Monday, August 2, 2021

FREDDY FENDER'S DRUMMER, BROWNSVILLE'S ROBERT SILVA, ALBUM LINER NOTES WITH BROWNSVILLE CONNECTIONS

 by Diego Lee Rot


Music Writer for
the Brownsville Observer


Robert "El Turkey" Silva
on Stage with Fender
My friend of 21 years, Robert Silva, played with Freddy Fender in the early years.  Occasionally, he shares some funny story or incident about Fender, especially during their trip to Louisiana after Fender's release from prison.

I stumbled across these liner notes for Canciones de Mi Barrio, a compilation of songs recorded for IDEAL Records in San Benito 1959-1961 and 1963-1964. 

Fender released this album in 1992 when he was 55 years old and felt more comfortable with conjunto music, after spending most of his career in rock n roll, blues and country.

His "notes" read like a mini-biography.  There are some Brownsville references, a discussion of the word barrio vs. ghetto.  

Robert Silva Today

Five of the songs credit "Little Herman" as the drummer, but Fender explains that Robert "El Turkey" Silva drummed on the rest. 


Fender's liner notes are just below the album cover.
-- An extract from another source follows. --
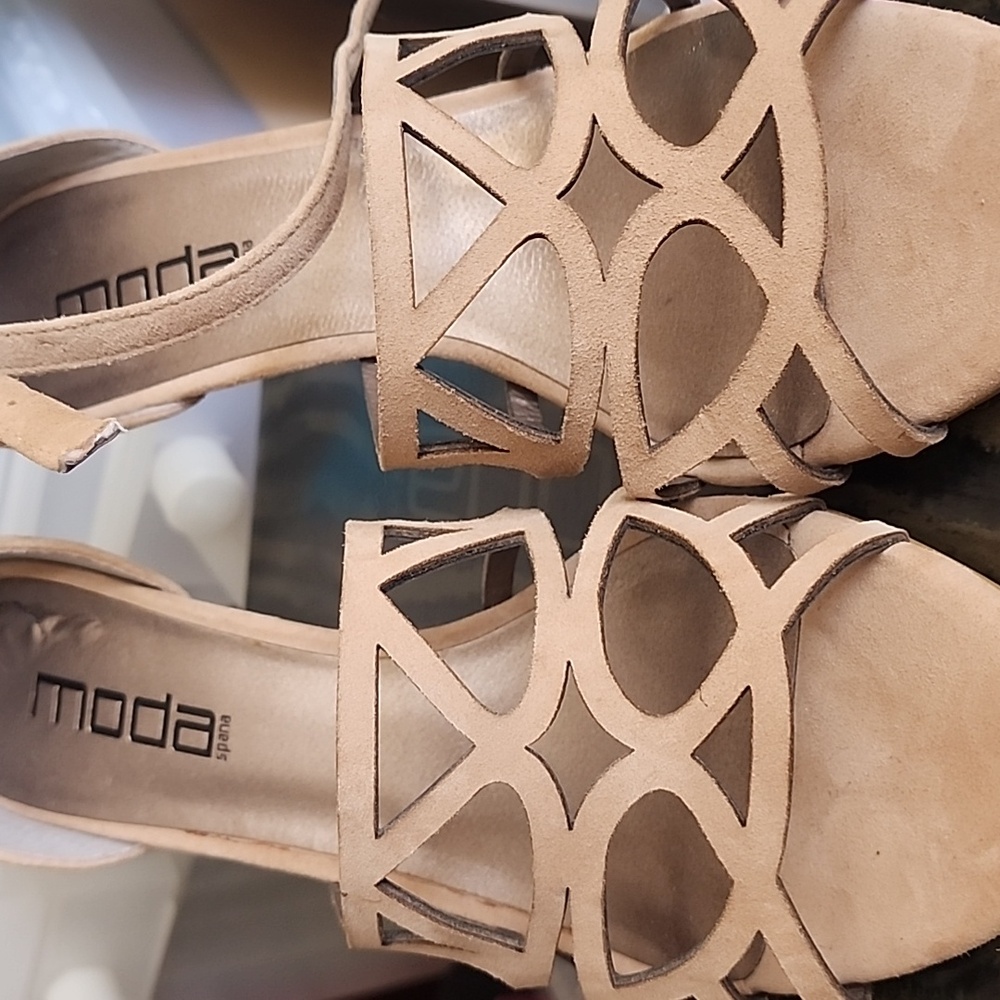 Moda 9 1/2 Sandal Tan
      Where does the music inside me come from?  I just started hearing it from the corners of the barrio in San Benito, Texas, where I grew up.  On juke boxes, over the radio, in houses, from my mother, that's where it comes from.  A lot of people confuse a city ghetto with the kind of barrio I'm talking about.  We didn't have any street lights, no pavement.  The Western Auto had the only TV in town, which came in around '53, and everybody would go downtown and stand around their window and watch.  In the early evening me and my band would rehearse in a garage.  All the neighbors and kids and cars would gather outside and watch and listen into the night.  We sang to the world from that little garage.

     
I'm from the 50's.  There's no "something new" for me.  As modern as I try to get, it always comes out 50's.  I lived through the 60's and 70's, but as far as the music I feel inside, it's the 50's, and even part of the 40's, music from when I was a young kid.  That's what I have inside of me.  Mostly slow dances and love songs, in English and Spanish.  After about twenty-five years of age my clock didn't run anymore.
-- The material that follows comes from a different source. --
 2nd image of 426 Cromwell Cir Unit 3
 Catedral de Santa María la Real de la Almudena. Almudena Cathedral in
     I was always different.  I'm still different from what you call La Onda Chicana or Tejano Music.  I'm from the same era, but I was never involved with it.  I was always trying to do something in English.  That was my thing since 1957 when I started recording with Falcon Records.  I wasn't doing the conjunto stuff.  I was doing rock and roll and ballads, just like I'm doing now, and rythm and blues.  Conjunto music didn't move me then, and the orquestras thought they were too hot shit for me.  Now I'm beginning to feel the kind of music I heard when I was a young person and enjoy performing the nitty gritty conjunto songs I sing now with Flaco Jiminez and the Tornados.  

I've recorded under all kinds of names.  Rafael Ramirez of Falcon Records called me "Baldemar Huerta, the Bepob Kid."  He wanted me to sing like Elvis Presley.  You ever try to sing like Elvis in Spanish?  It was terrible.  He would send me back in the studio and say "No, no, get back, sing it again, I understood a couple of words."  Finally I did it like he wanted so I could collect my twenty five bucks and get out.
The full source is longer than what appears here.